Monday, November 7, 2022

Theory Musing: Why Does Saint Seiya Consistently Fail in "North of Mexico"?

Debuting at the start of 1986 (technically late 1985, but let's not split hairs here) in the pages of Weekly Shonen Jump, Saint Seiya was the creation of mangaka Masami Kurumada, who had already seen major success twice over the past decade with Ring ni Kakero (his first big hit) from 1977-1981 &, to a lesser extent, Fuma no Kojirou from 1982-1983. He had also seen failure twice, with his debut work Sukeban Arashi from 1974-1975 & Otoko Zaka from 1984-1985 both being cancelled early on in their respective runs; Otoko Zaka would eventually return in 2014, nearly 30 years later. The last, in particular, was conceived by Kurumada as his magnum opus, the manga he had always wanted to make, so when he was told to stop making it (though he defiantly called it "Incomplete" on the last page of the [then] final chapter, proof of his status within Jump at the time) he decided that his next work would be something that he knew the general public would want to read, something that would be undeniably popular. In fact, he could take the things that worked for him a decade prior with RnK & FnK, re-utilizing them in ways that would be brand new for the younger generation of readers who had likely never read his previous hits.

The End Result of Every Attempt to Make
Americans & Canadians Care About Saint Seiya

The end result was a manga that, despite eventually being cancelled in & of itself and needing to have its final chapter published in an issue of V Jump magazine, still ran from 1986-1990 in Weekly Jump for 246 weeks straight (only four longer than RnK), compiled across 28 volumes, with Kurumada never taking a break; it remains his longest individual series in his entire catalog. In fact, Saint Seiya was often neck & neck with the likes of Dragon Ball & even Fist of the North Star (&, to a lesser extent, Captain Tsubasa & Sakigake!! Otokojuku) in terms of sheer popularity, with Saint Seiya apparently even surpassing one or even both at points during 1987 & 1988Seiya was so instantly popular that a TV anime adaptation by Toei debuted before the manga was even an entire year old & was apparently optioned (alongside a toy deal with Bandai) before the first chapter was even published; truly, Kurumada knew what worked. In fact, while Akira Toriyama & the duo of Buronson and Tetsuo Hara's respective series are often cited as landmark & trendsetting works for shonen action manga, Saint Seiya is also just as much up there in a lot of ways, especially when compared to Dragon Ball, as a lot of what has become so iconic in that series (especially its second half) technically first appeared there AFTER Saint Seiya had done something similar first (Power of Gold vs. Super Saiyan, for example), or Seiya's entire run had simply ended. Regardless, Saint Seiya is a cherished icon of anime & manga, finding itself a massive following that love it to this very day the world over, as it was Kurumada's first work to see release outside of Japan.

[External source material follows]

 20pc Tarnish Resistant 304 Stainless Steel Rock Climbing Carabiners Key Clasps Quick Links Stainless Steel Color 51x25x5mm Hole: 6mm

That is, unless you live in "North of Mexico", i.e. the United States & Canada, where it has constantly only managed to achieve, at best, apathetic acceptance by most anime/manga fans, regardless of how many times it's been given a push over here; there has been a growing fandom for the series over time, but obviously not enough to ever be considered a "success".

At Discotek's most recent licensing bonanza livestream, I noticed some people in the chat repeatedly ask about Saint Seiya, which only reminded me of how the series had bombed three times for the company already: The 80s movie tetralogy across two DVDs in 2013, TMS' OVA adaptation of spin-off manga The Lost Canvas on DVD in 2015 (this was before the English dub debuted for Netflix, which Discotek had nothing to do with), & the movies being re-released on a single BD in 2021. To see people trying to ask Discotek about Saint Seiya just made me think "Where have you been all this time? Didn't you support the prior releases?", and when I brought this up on Twitter an old subject was brought up in response: "Why can't Saint Seiya ever seem to succeed in the US (& Canada)?". So allow me to ruminate some thoughts as we try to see if we can finally free Athena herself from this captivity without needing to simply bash away at it fruitlessly, like many companies have been doing for decades.